The rampant economic crisis had at times threatened to derail the European Union’s plans to cut carbon dioxide by a fifth by 2020, but a myriad of concessions to industry helped pin down a deal amid criticism from environmental groups.
”This is quite historic,“ said French President Nicolas Sarkozy. ”You will not find another continent in this world that has given itself such binding rules.
The deal takes on a greater importance coming just before Barack Obama assumes the U.S. presidency, amid hopes in Europe of transatlantic cooperation to tackle climate change.
“Our message to our global partners is... Yes, you can do what we are doing...especially to our American partners,” said European Commission President Jose Manuel Barroso. “We are asking him (Obama) to join Europe and with us lead the world.”
But green groups said that in their rush to get a deal, European leaders had granted too many concessions to industry.
“This is a flagship EU policy with no captain, a mutinous crew and several gaping holes in it,” said Sanjeev Kumar of environment pressure group WWF.
Chancellor Angela Merkel and Prime Minister Silvio Berlusconi had fought hard for industries like German steel, chemicals and cement and Italian glass, ceramics and paper, and at one point Berlusconi had threatened to block a deal.
They had already succeeded this year in watering down action to curb emissions from the powerful auto sector.
“We demanded 15 things -- we got practically all, and we are very satisfied,” Berlusconi said.
Measures were agreed to reduce the risk that carbon curbs would hurt European industry and reduce its ability to compete with less regulated rivals abroad.
European industries exposed to international competition will receive free emissions permits if they face a 5 percent increase in costs, a measure that is viewed as covering over 90 percent of EU industry.
Critics said the move reduced the main incentive for industry to cut emissions, but a commission official said that a steadily lowering cap on emissions would do the job.
The biggest threat to a deal on Friday was the opposition of nine former communist nations, which feared the deal would ramp up costs for their highly polluting coal-fired power sectors.
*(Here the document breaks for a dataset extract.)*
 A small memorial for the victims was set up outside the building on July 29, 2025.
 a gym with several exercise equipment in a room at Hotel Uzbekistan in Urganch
To buy their support, two swathes of funding will be distributed to them taken from around 12 percent of revenues from the EU’s flagship emissions trading scheme (ETS), which makes industry buy permits to pollute.
The money is partly framed as recognition for the massive drop in emissions they experienced when their industry collapsed in the wake of communism.
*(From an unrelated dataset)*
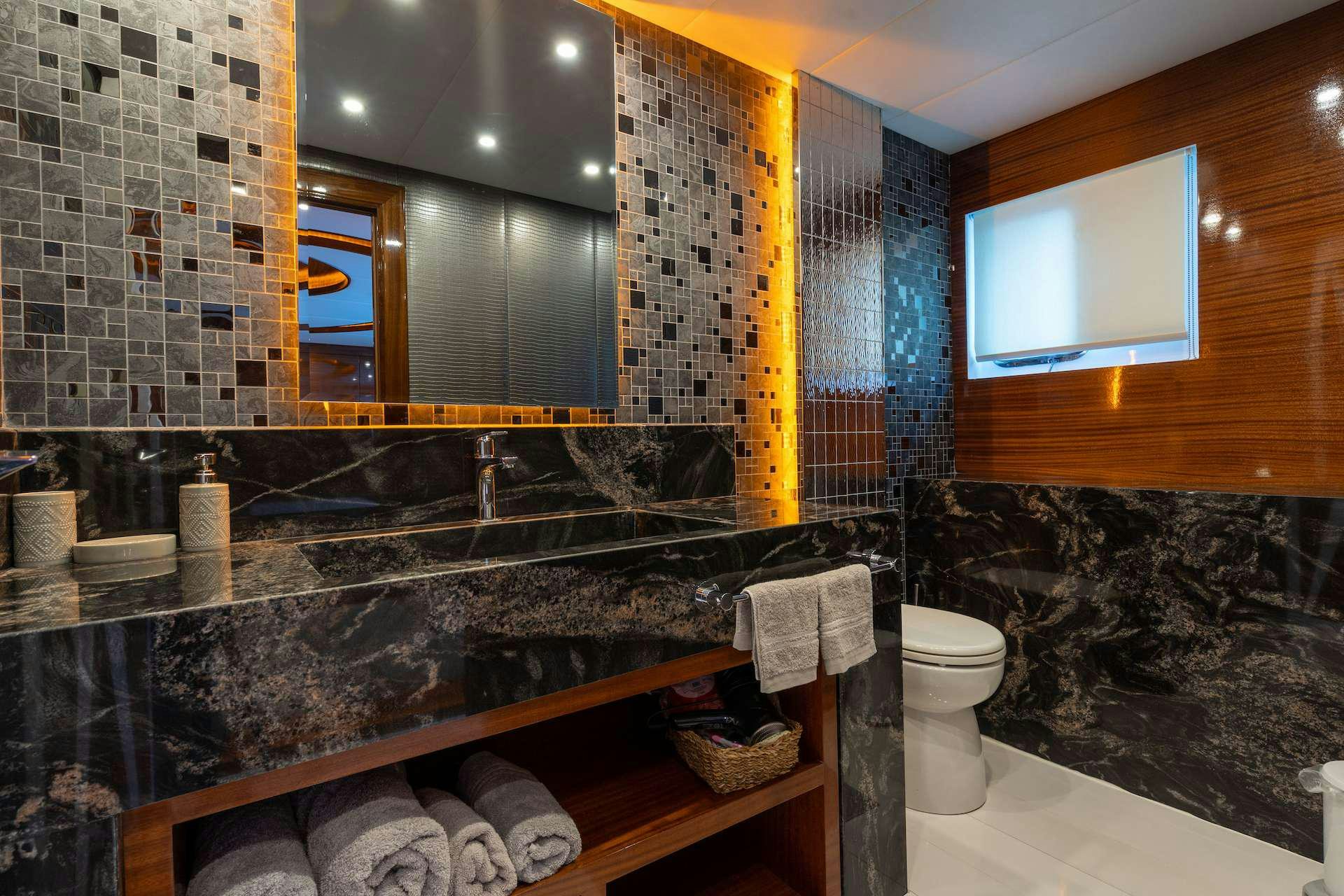 a bathroom with a marble counter aboard LONG ISLAND Yacht for Charter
Their power sectors were also partially exempted from paying for emissions permits from the ETS, getting 70 percent free in 2013 but those exemptions will be phased out by 2020.
Diplomats reluctantly praised the negotiating skills of Polish Prime Minister Donald Tusk, who later flashed the two-finger victory sign as he left the building.
Britain’s Gordon Brown came away having secured a boost to funding to around 6 billion euros for innovative technology to capture and bury emissions from power stations underground, such as in depleted North Sea gas fields.
“The sum that is involved is very considerable,” he said. “A few weeks ago people were saying it was going to be impossible.”